→ ABOUT THIS TASK
Word for word, please copy the listing below, with its pictures left out.

→ DATA BELOW
-------
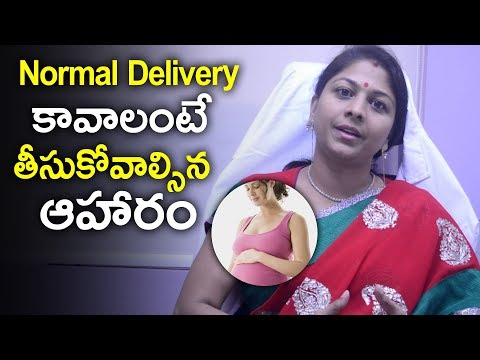 normal-delivery-కావాలంటే-తీసుకోవాల్సిన-ఆహారం-|-telugu-health-tips-|-dr-k-shilpi-reddy-|-health-qube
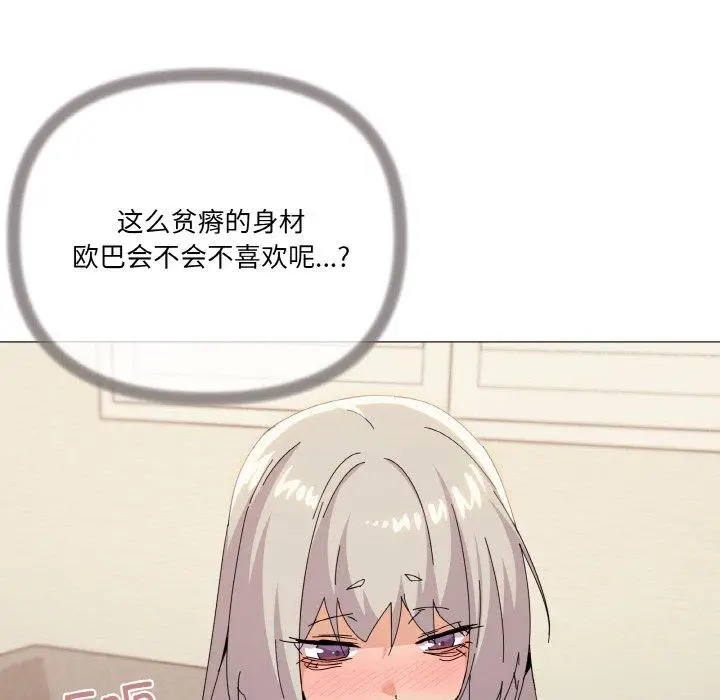 19 家人之间这样不好吧?_家人之间这样不好吧?
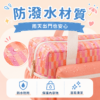 粉橘棋盤格旅行袋｜Peachy Checker Duffle Bag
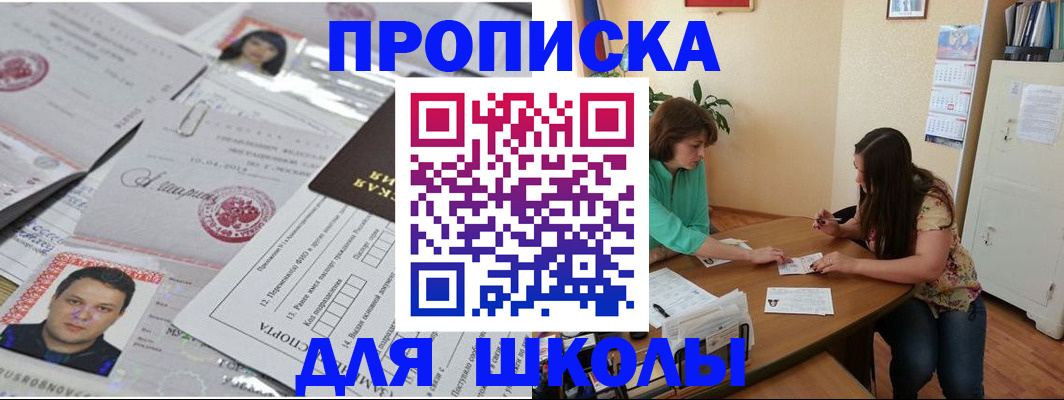 регистрация для школы в Белогорске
-------
→ TASK ANSWER
 normal-delivery-కావాలంటే-తీసుకోవాల్సిన-ఆహారం-|-telugu-health-tips-|-dr-k-shilpi-reddy-|-health-qube
 19 家人之间这样不好吧?_家人之间这样不好吧?
 粉橘棋盤格旅行袋｜Peachy Checker Duffle Bag
 регистрация для школы в Белогорске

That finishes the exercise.